On Thu, 2 Sep 2010, Luke Kenneth Casson Leighton wrote:

> On Thu, Sep 2, 2010 at 9:45 PM, Jakub Narebski <jnareb@xxxxxxxxx> wrote:
> 
> > If I remember the discussion stalled (i.e. no working implementation),
> > and one of the latest proposals was to have some way of recovering
> > objects from partially downloaded file, and a way to request packfile
> > without objects that got already downloaded.
> 
>  oo.  ouch.  i can understand why things stalled, then.  you're
> effectively adding an extra layer in, and even if you could add a
> unique naming scheme on those objects (if one doesn't already exist?),
> those object might (or might not!) come up the second time round (for
> reasons mentioned already - threads resulting in different deltas
> being picked etc.) ... and if they weren't picked for the re-generated
> pack, you'd have to _delete_ them from the receiving end so as to
> avoid polluting the recipient's object store haaarrgh *spit*, *cough*.

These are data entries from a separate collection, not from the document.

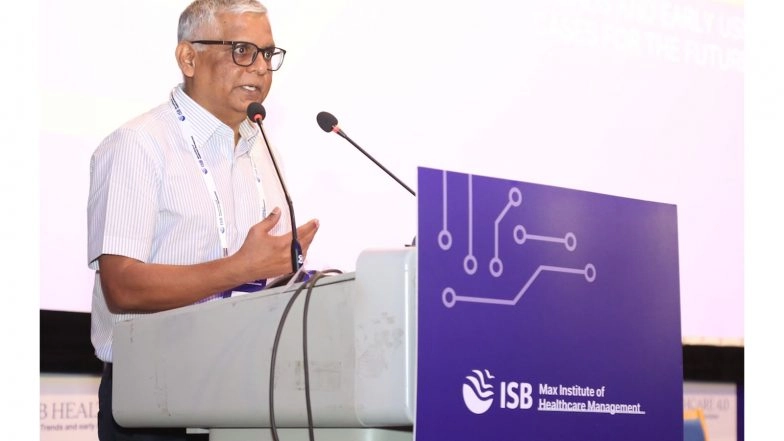 Business News | Experts at ISB Healthcare 4.0 Champion Digital Transformation for Small Hospitals and Value-Based Care to Reshape Indian Healthcare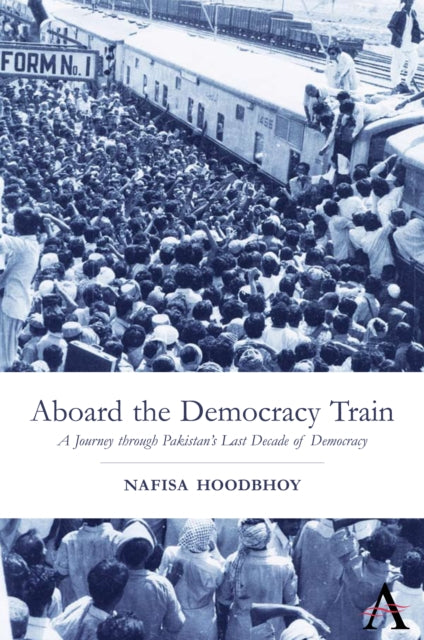 Book cover of: Aboard the Democracy Train. By: Nafisa Hoodbhoy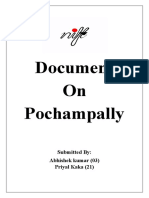 Document On Pochampally: Submitted By: Abhishek Kumar (03) Priyal Kaka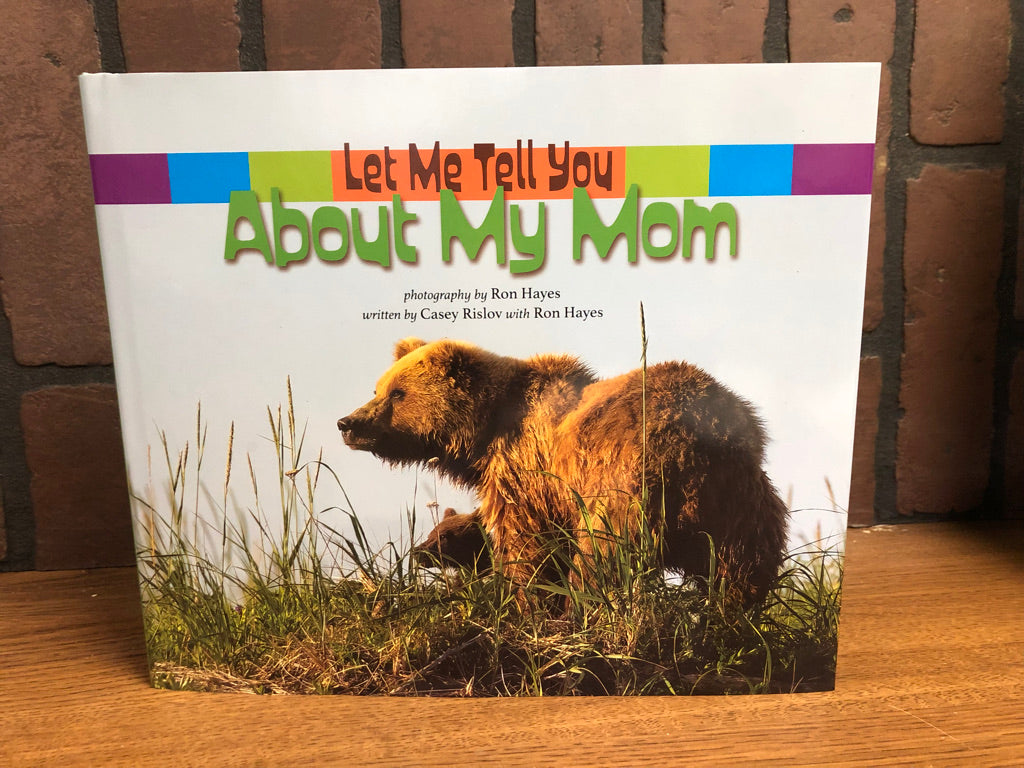 BOOK: Let Me Tell You About My Mom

Well, actually there is no need to delete anything.  Git can cope with 
duplicated objects just fine.  A subsequent gc will get rid of the 
duplicates automatically.

>  what _might_ work however iiiiIiis... to split the pack-object into
> two parts.  or, to add an "extra part", to be more precise:
> 
> a) complete list of all objects.  _just_ the list of objects.
> b) existing pack-object format/structure.
> 
> in this way, the sender having done all the hard work already of
> determining what objects are to go into a pack-object, transfers that
> *first*.  _theeen_ you begin transferring the pack-object.  theeeen,
> if the pack-object transfer is ever interrupted, you simply send back
> that list of objects, and ask "uhh, you know that list of objects we
> were talking about?  well, here it is *splat* - are you able to
> recreate the pack-object from that, for me, and if so please gimme
> again"

Well, it isn't that simple.

First, a resumable clone is useful only when there is a big transfer in 
play.  Otherwise it isn't worth the trouble.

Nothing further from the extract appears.